Postes anteriores da série: 



4 comentários:

Antº Rosinha disse...

Luís Graça, mas que mina descobriste.

Mas olha que:

O Ato colonial não passou de pôr um freio a essa gente que sonhava com uma Àfrica do Sul, com mineiros e grandes industriais a explorar a exemplo de Cecil Rodes e os boeres "muito ouuuuro"" de uma maneira oposta ao modesto Salazar.

Aí sou salazarista, à Norton de Matos ia ser a maior desgraça, havia muitos velhos colonialistas em Angola que antes de 1961, todos do Norton de Matos, mas depois com a upa viraram o bico ao prego.

Queriam explorar aquelas grandes riquezas livremente, como os sulafricanos faziam.

Na grande lista de colaboradores que mostras, há um nome de um grande amigo de Salazar durante a guerra colonial que era embaixador em Paris, que foi Marcelo Matias

Luis penso que saltaste alguma parte, já vais na V.

Ler tudo é complicado.

Vá la que já há brasileiros, como esse investigador, que não sei é branco, preto ou pardo, como eles se classificavam há 50 anos, que sabem que Portugal tinha mais colónias, porque há 50 anos não sabiam disso.

E dos brancos ainda há uma diversidade enorme que não se comparam com os portugueses, que não somos bem brancos como eles, e que só encontraram o Brasil, porque se perderam no caminho.

E até duvidavam de Cabral, o Pedro, porque do Amílcar nem nunca tinham ouvido falar.

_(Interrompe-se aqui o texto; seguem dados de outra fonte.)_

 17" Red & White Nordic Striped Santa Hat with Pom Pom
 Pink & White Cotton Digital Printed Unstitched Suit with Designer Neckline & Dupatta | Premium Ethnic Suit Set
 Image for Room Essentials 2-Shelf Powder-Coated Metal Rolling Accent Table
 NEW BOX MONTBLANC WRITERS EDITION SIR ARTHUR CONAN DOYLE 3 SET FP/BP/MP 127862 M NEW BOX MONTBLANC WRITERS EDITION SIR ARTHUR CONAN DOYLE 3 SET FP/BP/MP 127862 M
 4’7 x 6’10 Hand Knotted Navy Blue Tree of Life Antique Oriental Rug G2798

Luis Graça, Vem aí uma, que depois de Adriano Moreira acabou o trabalho forçado.

Na prática, foi sempre a mesma coisa. Por mim falo, que sempre vi em Angola, trabalhadores, chamados os "contratados" o processo era o mesmo, antes e depois de A. Moreira.

Serem forçados ou voluntários, o mais complicado eram os velhos e velhas verem os filhos irem para fora da família.

Olha aquela dos antropófagos lusitanos, porreira:
"Portugal, para esses intelectuais, precisava se “alimentar” continuadamente de “gentes exóticas” para realizar a sua essência, a “antropofagia lusitana”, como já disse um arguto antropólogo (THOMAZ, 2002: 144) (THOMAZ, 2002).

Segundo esse Tomaz, nada enchia a barriga a esses intelectuais.

Salazar concordaria com este antropólogo, que não sei quem seja.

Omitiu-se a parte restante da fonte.